Should we be skeptical of KNOW then? Given the fact that the rule neither shares its reliability with BEL, nor is independently justified (by logical principles, like CLOSURE, or abductive inference, like DOORBELL), I think the answer is yes. A more straightforward reason for such skepticism is that, if accepted, KNOW lends support to the (appropriately adjusted) BK principle – which, as we saw above, is inconsistent with Restricted MAR. In fact, much of the intuitions supporting KNOW, such as that we are “rationally committed to treating our beliefs as knowledge” or that “belief feels like knowledge,” seem to parallel those offered in support of BK. Footnote 17 If we, however, are on the right track in justifying introspection principles by appealing to Byrne’s epistemic rules while acknowledging the plausibility of MAR for first-order knowledge, these intuitions need to be treated with caution.
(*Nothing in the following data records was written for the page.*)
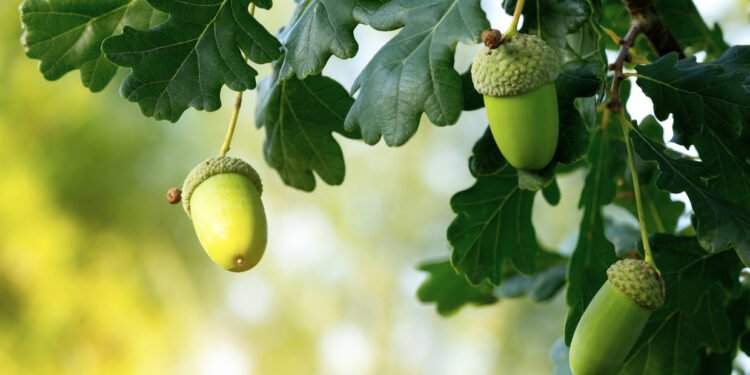 Oaktree's ABF strategy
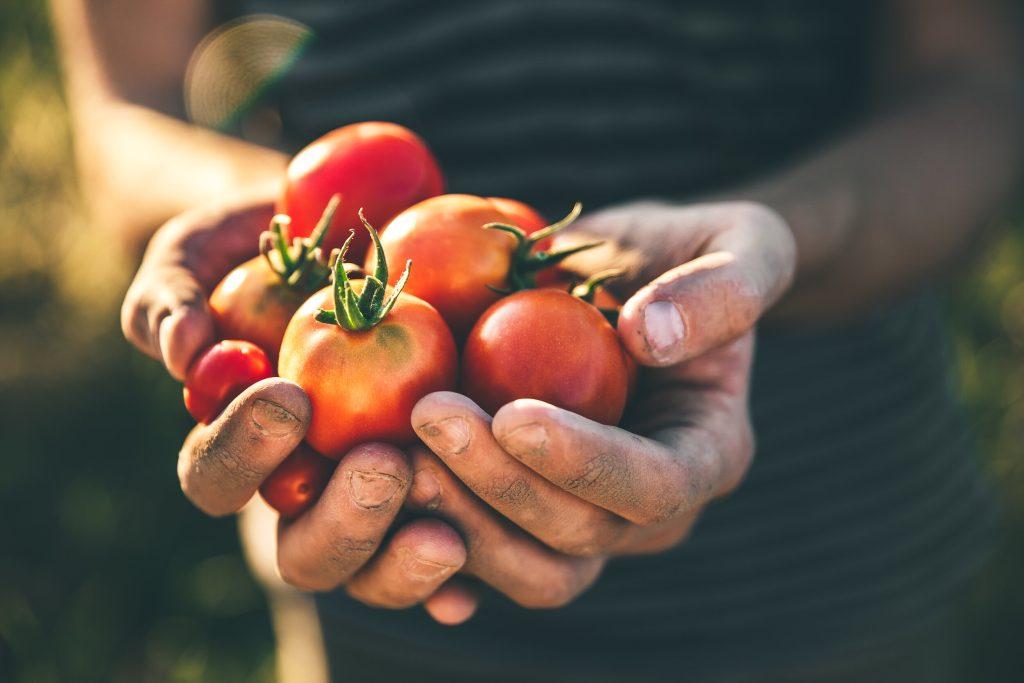 Nutritional Information And Health Advantages Of Tomatoes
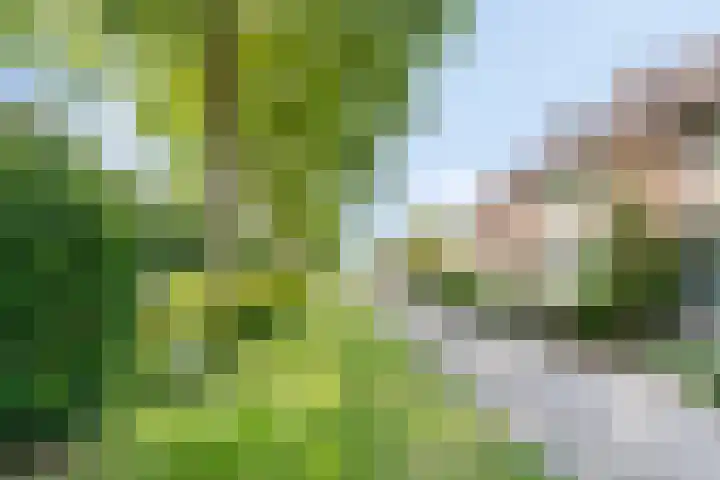 Lange Meet 46 Strijen thumbnail 5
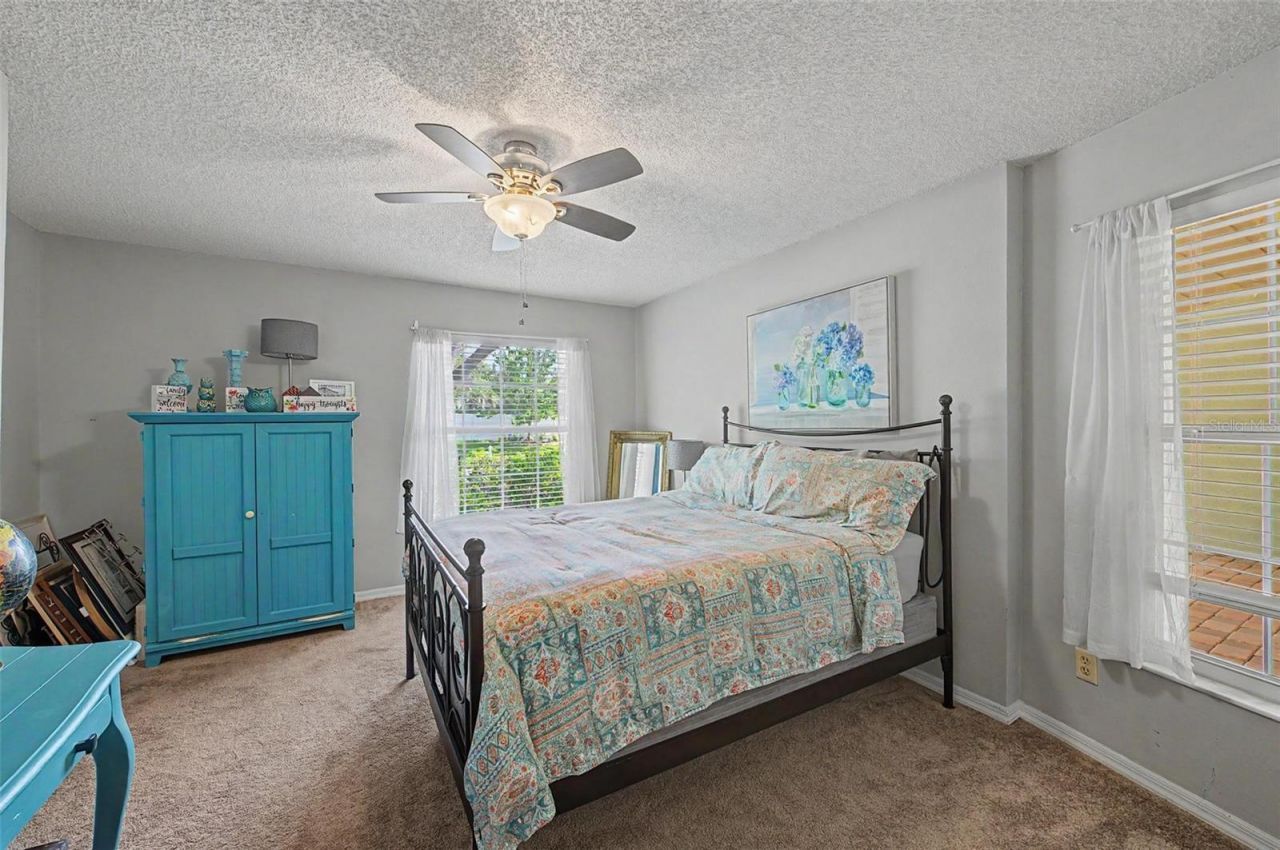 3916 Broomsedge Lane, Valrico, FL 33596 Photo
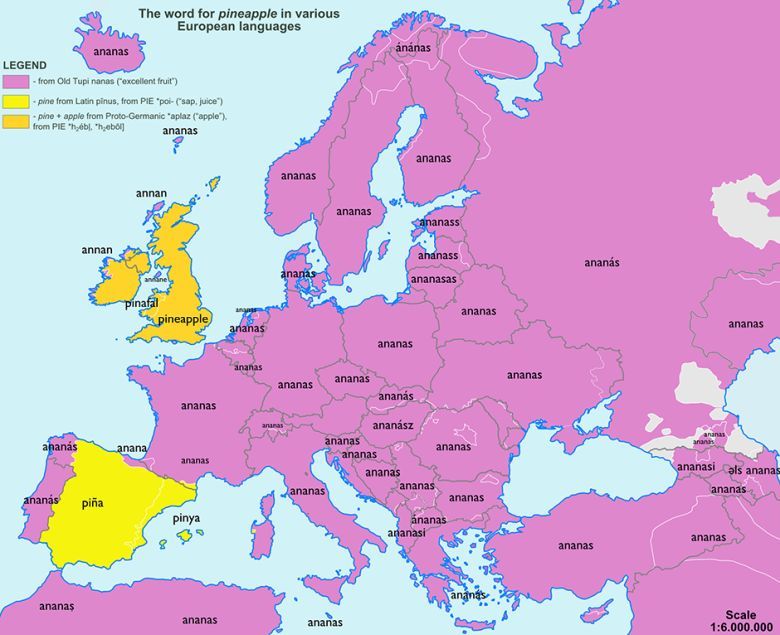 Słowo ananas w różnych europejskich językach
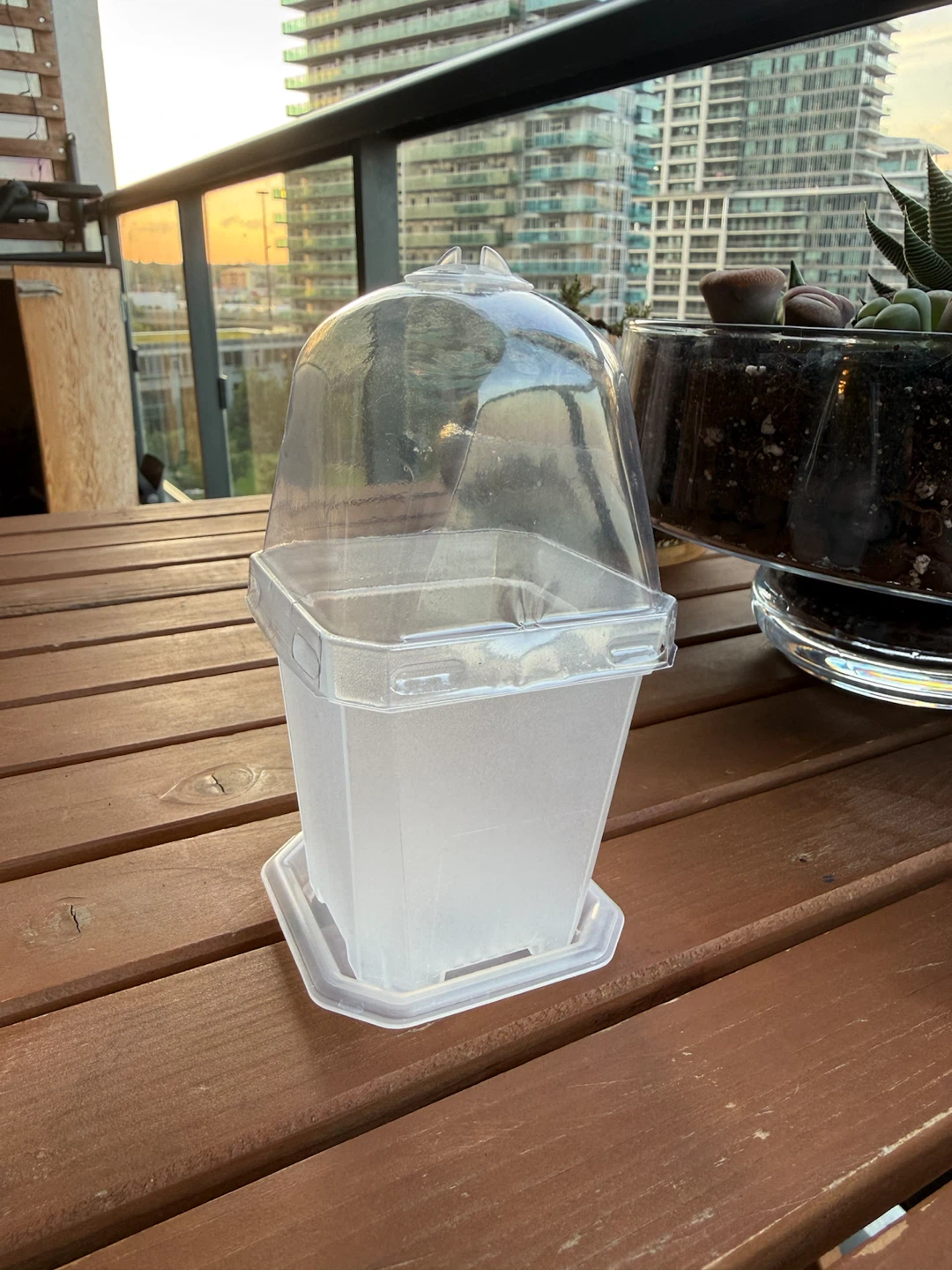 Clear Plastic Mini Greenhouse Pot with Lid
For while we might concede that in ordinary cases one cannot internally distinguish between merely believing and knowing that p, it does not follow that one always takes one’s beliefs to be knowledge states, just that one usually cannot determine whether a certain belief of theirs constitutes knowledge. From an externalist point of view, it is perfectly coherent to hold that we can be agnostic concerning our beliefs constituting knowledge on a particular occasion. Think again of Mr. Magoo observing the clock. When he comes to believe at 5.50 that it is not 6 o’clock, he may still plausibly suspend judgment as to whether his eyesight is good enough to grant him knowledge that it is not 6 o’clock, and yet fully believe that the world is the way it presents itself to him, even if only for the fact that there is no better data he could rely on in his reasoning. If his skepticism towards his perceptual abilities is unwarranted, his belief constitutes knowledge, if it is warranted – then it does not. But while he has no means to assess which of the scenarios he is in, and hence cannot truly distinguish “from within” whether he merely believes or knows that it is not 6 o’clock, it does not seem like a form of irrationality on his part to stick to believing what seems to him true.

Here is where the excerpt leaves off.